For the past year backup has become one of the leading topic on my mind. So far I’ve settled for using duplicity and a back end provider dedicated to Linux backups called rsync.net. This scheme works well for the couple of critical servers I run, and I’m automating the setup for it via ansible among other projects, which is worth a blog post on it’s own.
However, this scheme doesn’t scale for me. The feature set of rsync.net makes it ideal for incremental storage, while also providing additional ZFS snapshot redundancy, but the price per GB is an order of magnitude higher than comparable ‘cold storage’ solutions from leaders like AWS and Google Cloud.
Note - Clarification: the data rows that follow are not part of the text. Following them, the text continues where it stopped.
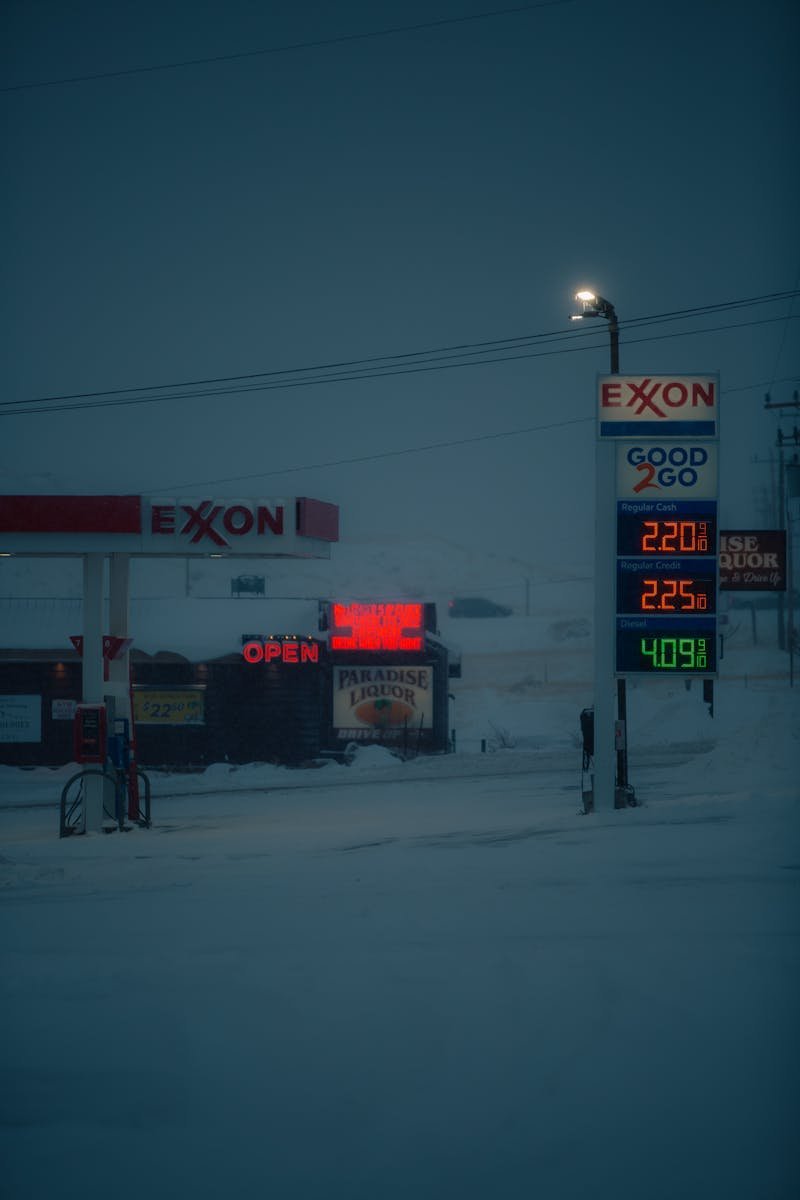 A snowy winter scene of an Exxon gas station with illuminated price signs at dusk.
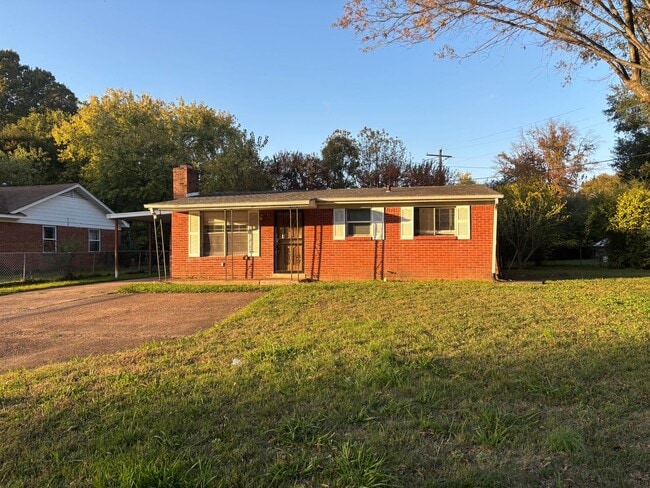 Building Photo - 3 bedroom, 1 bath with covered carport parking
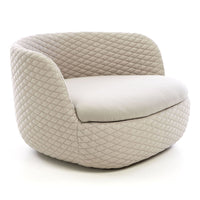 Beige quilted swivel chair with a smooth, rounded design and plush seat cushion. Ideal for modern decor.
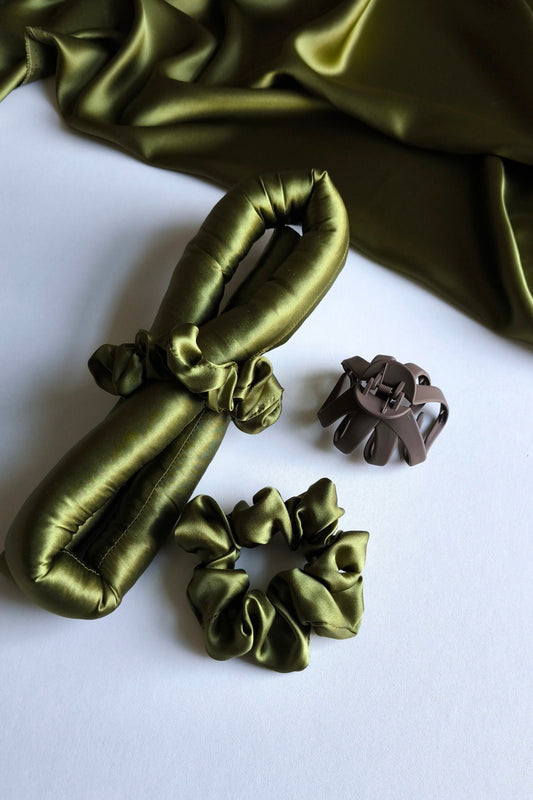 Green satin scrunchies on a white surface with green fabric in the background
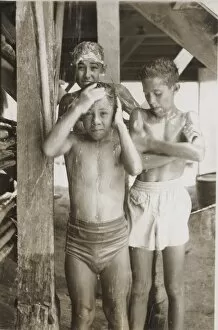 Boy scouts sharing a shower at camp, British Honduras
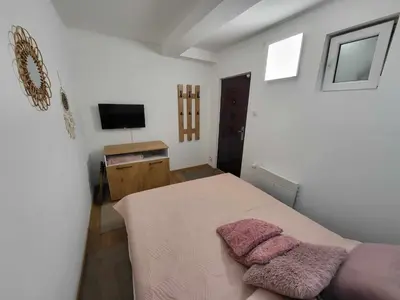 a bedroom with a bed with two pillows on it at Apartman Nina, Kopaonik, Brzeće, Kod Gondole in Brzeće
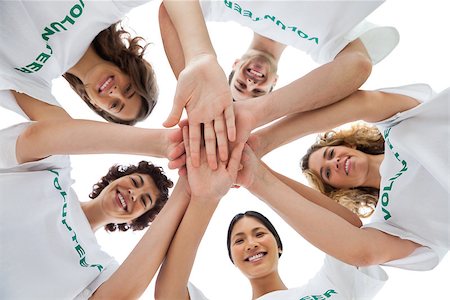 Cheerful group of volunteers putting hands together on white background Stock Photo - Budget Royalty-Free & Subscription, Code: 400-06885203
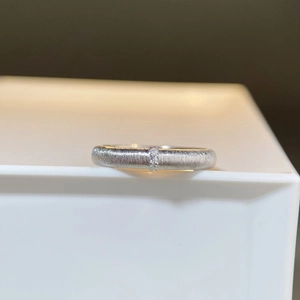 Macro shot of brushed 925 silver ring featuring three small inlaid zircons and textures
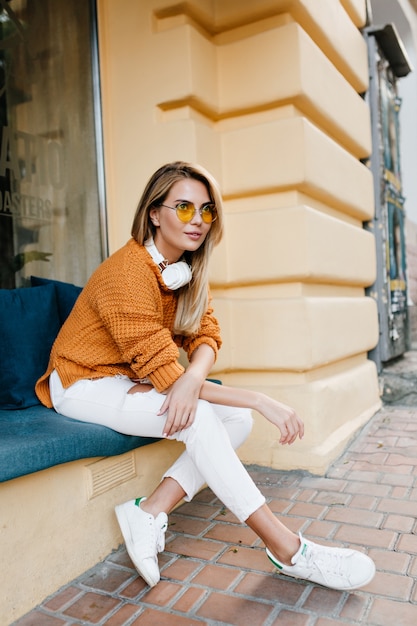 Fashionable young woman in leather sneakers resting after trip around city and looking to camera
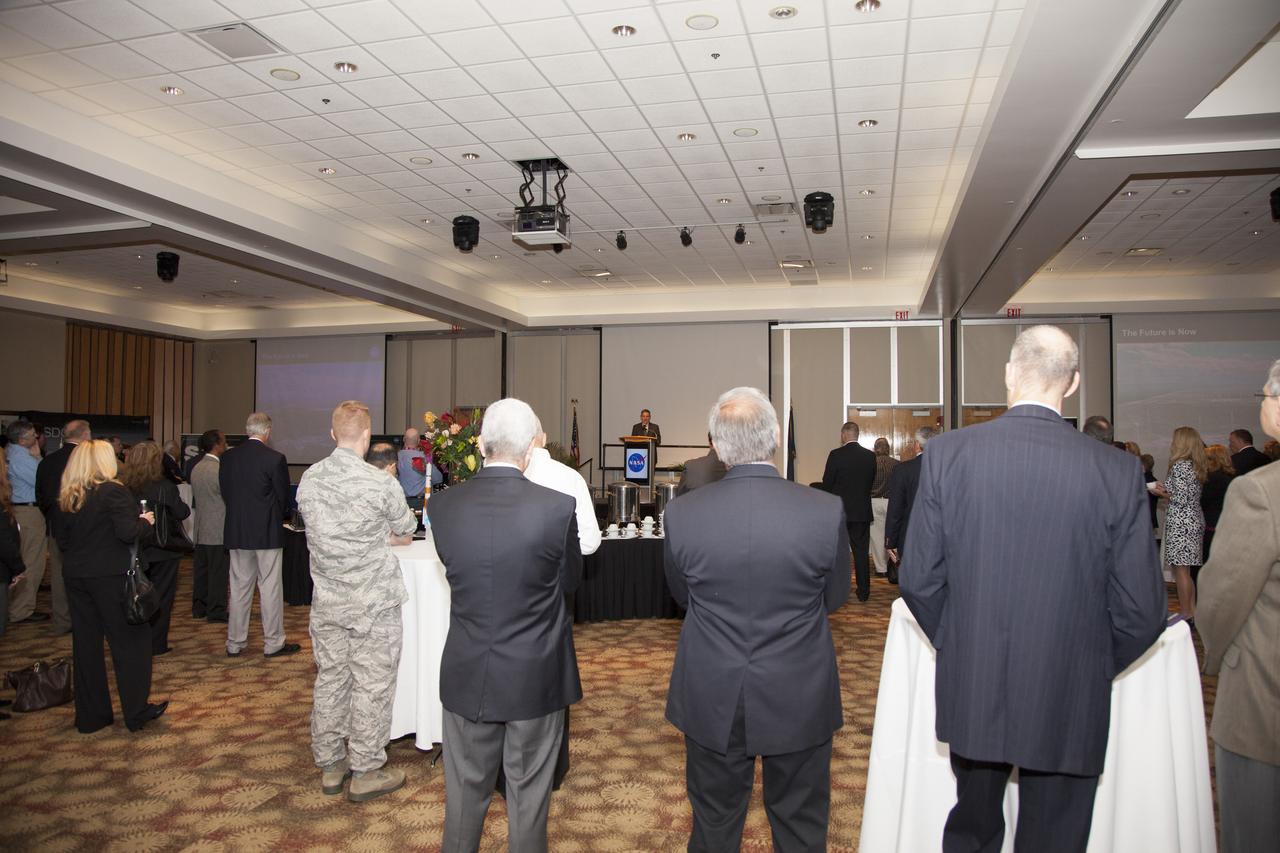 CAPE CANAVERAL, Fla. – NASA Kennedy Space Center Director Robert Cabana addresses the community leaders, business executives, educators, community organizers, and state and local government leaders attending the Kennedy Space Center Director in the Kennedy Space Center Visitor Complex Debus Center. Attendees talked with Cabana and other senior Kennedy managers and visited displays featuring updates on Kennedy programs and projects, including International Space Station, Commercial Crew, Ground System Development and Operations, Launch Services, Center Planning and Development, Technology, KSC Swamp Works and NASA Education. The morning concluded with a tour of the new Space Shuttle Atlantis exhibit at the visitor complex. For more information, visit http://www.nasa.gov/kennedy. Photo credit: NASA/Daniel Casper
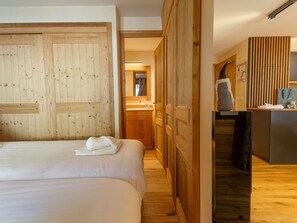 A hotel room with a wooden wardrobe, a bed with a white duvet, a desk with a computer, and a bathroom visible through an open door. - Central apartment with large terrace (Les Deux Alpes)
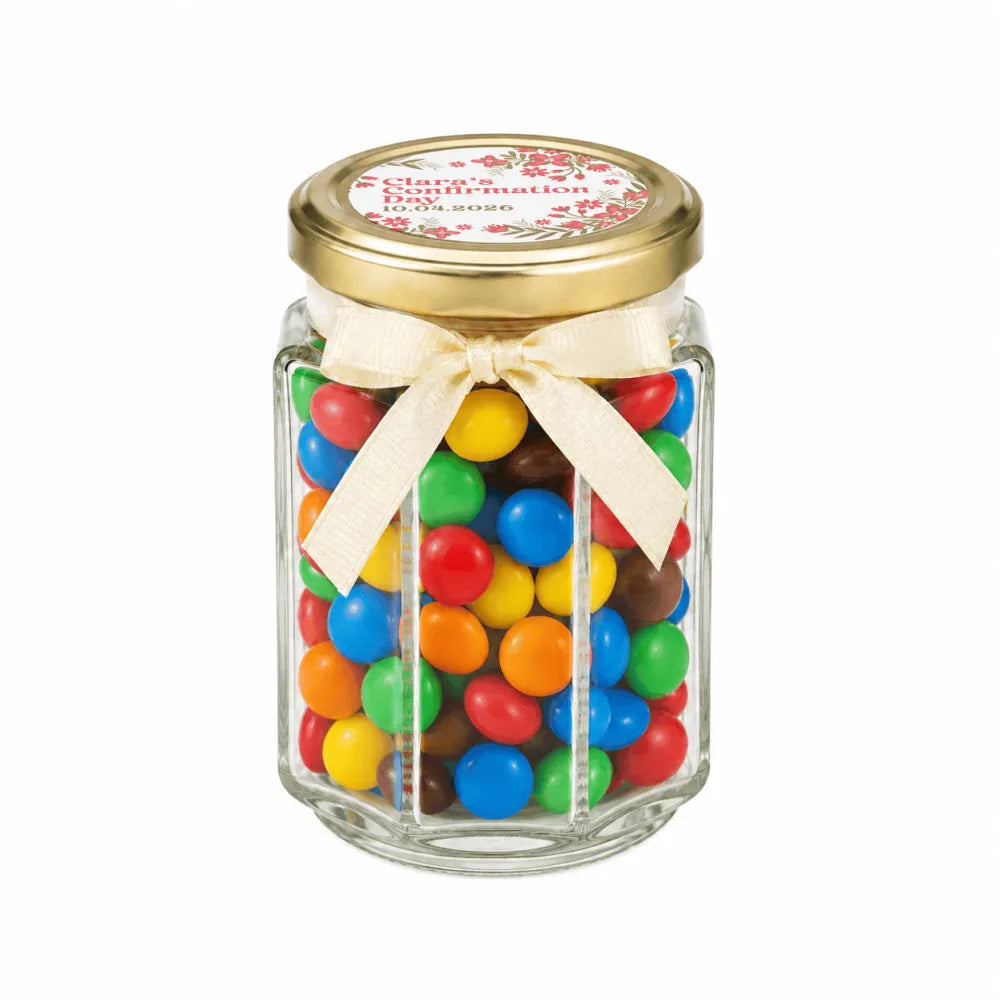 A clear hexagonal glass jar with a pale gold twist lid and cream ribbon bow filled with colorful candies and a personalised sticker printed blossom grace confirmation favour
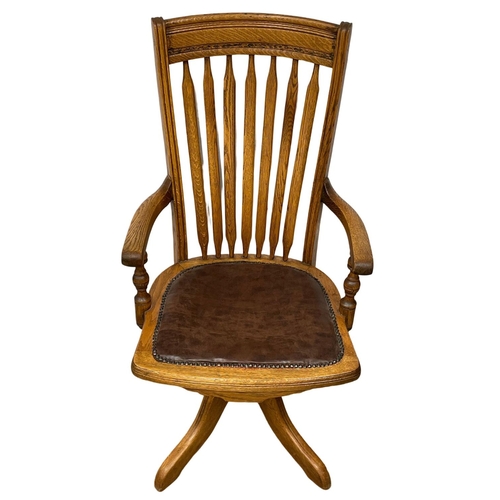 1015 - A late 19th century high back oak swivel desk chair. Dated from 1895.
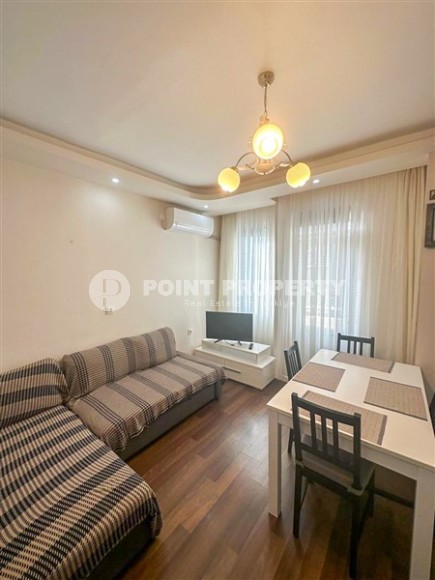 Inexpensive furnished apartment 1+1, on an area of 55 m2, in a building built in 2010, in the center of Mahmutlar district-id-6649-photo-2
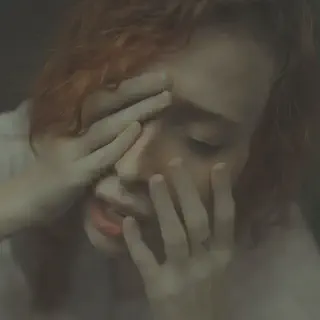 Woman Covering Face
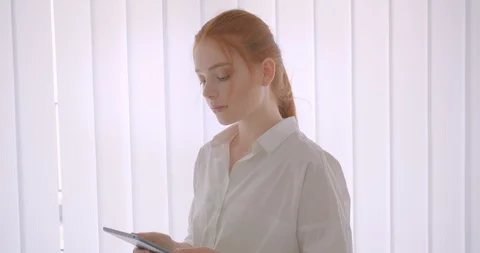 Closeup portrait of young pretty redhead female student using the tablet and Video stock 112676590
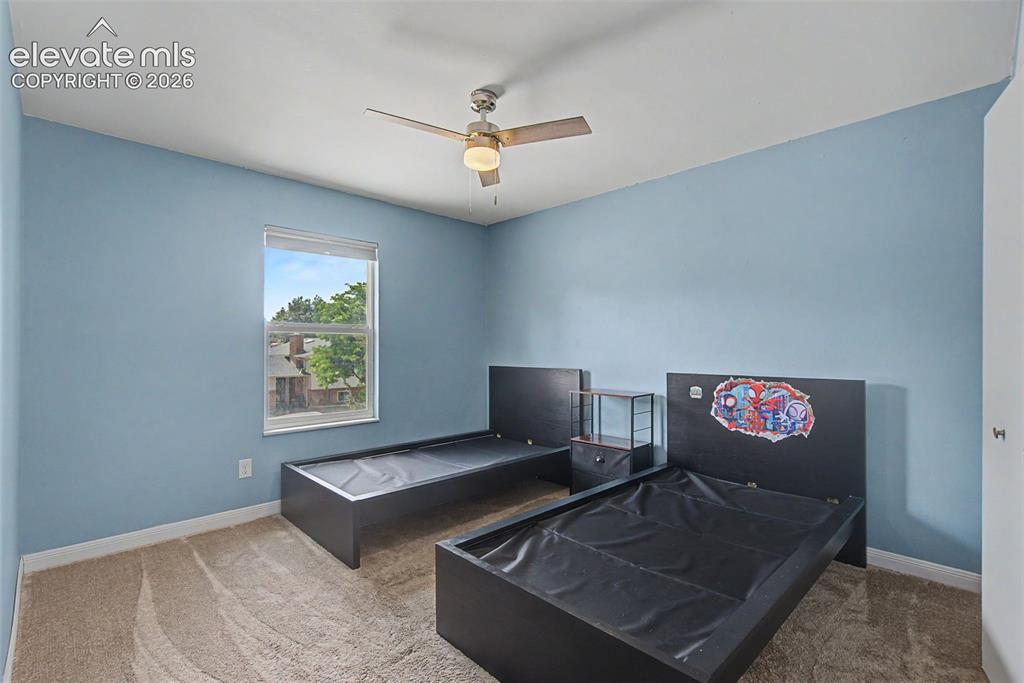 Image 22 of 30: Room featuring a neutral carpet, light blue walls, and a window with outdoo
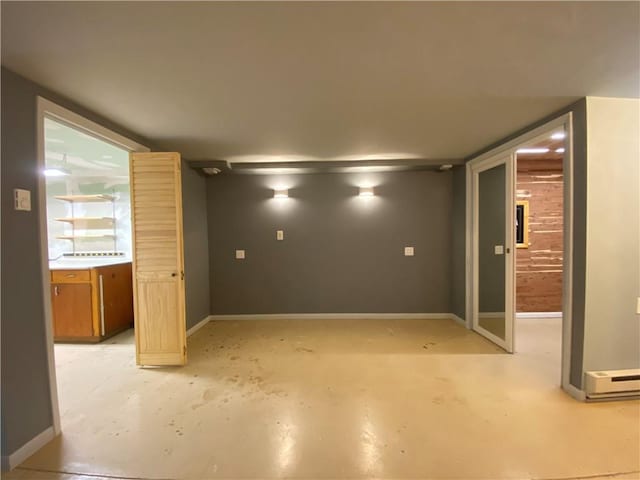 220 N 9th St, Atchison, KS 66002 - empty room featuring baseboards and unfinished concrete floors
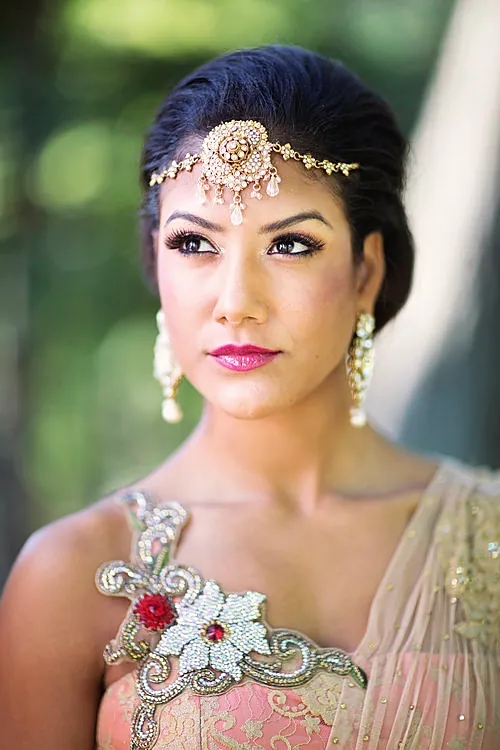 Bride in blush pink with a jeweled matha patti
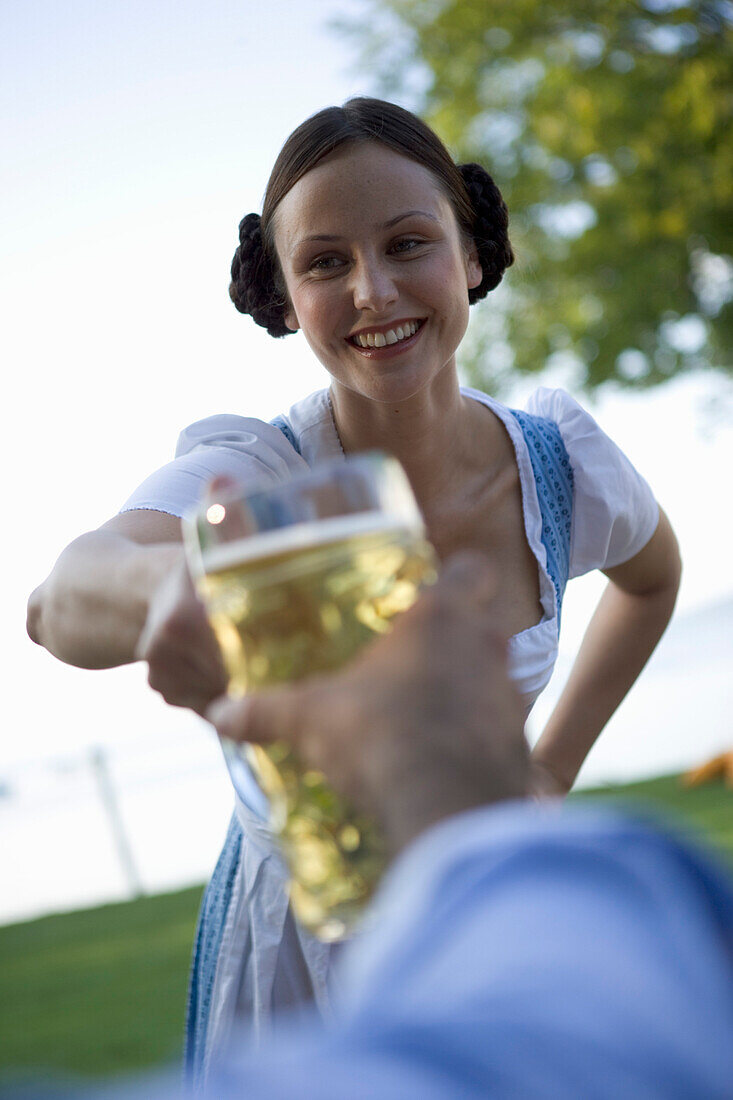 Waitress serving beer stein to guest in beer garden, Munich, Bavaria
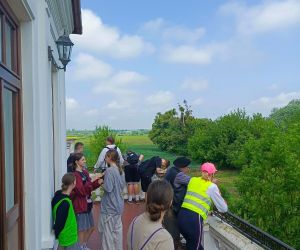 Uczniowie i nauczycielka na pałacowym balkonie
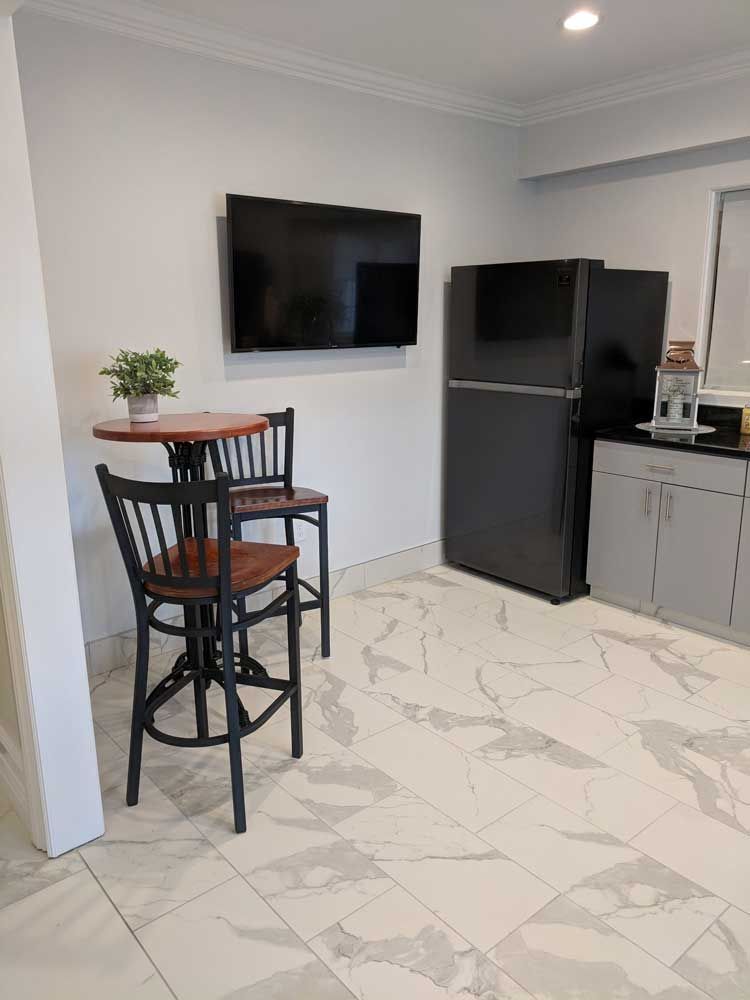 A small dining area with a round table, two black bar stools, a television, a black refrigerator, and marble tile floors.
Researching modern cloud storage
Looking for the best service to move my backups to in the realm of object storage I’ve found Blackblaze’s B2 to be the cheapest, while also being fairly well tested, and with good reputation (Blackblaze is around since 2007, and B2 launched in 2015). While researching my specific use case (incremental daily backups) I’ve discovered this may not necessarily be so simple.
See, today’s cloud storage is often marketed on it’s price per GB. That, and the usual, less measurable metrics like provider’s reputation, locations and additional features create the basis of the decision. In case of the more archival or ‘cold’ storage services there’s also time to retrieve and upload/download per GB pricing (in case of Google’s Coldline one-time full download of your data can overtake yearly storage costs quite easily).
What’s with this pricing
Well, that’s the easy to measure part. Most cloud storage providers charge for almost any user action. Services come with a vendor-specific API and (often web) interfaces, vs. open protocols like FTP/SFTP/rsync. Those API calls are trivial to quantify and set a price on. On top of that the ‘pay as you go’ model, while flexible (you don’t have to overprovision and risk underusing), could lead to heavy spikes in costs, sometimes unrelated to your legitimate usage. Here’s a post on Medium providing more information on this topic.
Incremental backups have little chance of intentional or unintentional abuse (they are private, limited access repositories with single use), it doesn’t mean the costs are trivial to predict. Modern backup software are not zip, encrypt and upload scripts - the repositories require maintenance, comparisons, verification (and all those are IO operations - billable API calls). Here’s another blogpost that directed my attention to those potentially risky costs, and where I first learned of Wasabi.
Not just a condiment
Alright, after this lengthy introduction I’m getting to the meat.
Wasabi is priced different than AWS S3, GCS or B2.
Main differences are:
- Even cheaper storage than B2 ($0.0049 vs $0.005)
- Minimum monthly price of $4.99 (equivalent of ~1TB of data stored)
- No ingress/egress charges (download and upload is free)
- No API call charges
- A minimum 90-day storage charge
Wasabi’s offering appeared to me as very attractive. Giving up on the very low end of price range, while not having to worry about any interaction with the data adding to my monthly bill? Great, when it comes to money I enjoy simplicity. In fact, that’s where Wasabi marketing is based - “We’re cheaper than AWS S3 if you download any of your data and keep it for longer than 15 days”.
Wait, what? Yes, there is a catch. The 90-day minimum storage charge - everything you upload counts towards the overall storage size billed for 90 days regardless if it’s deleted or not. Since storage objects are immutable (modifying a file creates a new one with changes and destroys the old one) this also means no git-like delta changes or deduplication works either. At least, that made my backup retention policy much more robust by default.
wasabicalc - to the point
I really wanted Wasabi to work for me. To calculate the estimated cost for my use case I’ve created a python script simulating incremental backups over a period of time, while calculating the price based on data kept and deleted according to the 90-day policy.
Then I’ve decided I want to graph it (everything is better with graphs), and now it’s hosted over at:
Source is on Github, if you’re interested. I’ve used a framework called Dash, which I didn’t know existed until two weeks ago. Nifty little tool, bar some documentation issues it looks like a great BI data presentation tool. This tutorial (text version in description) helped me break into it.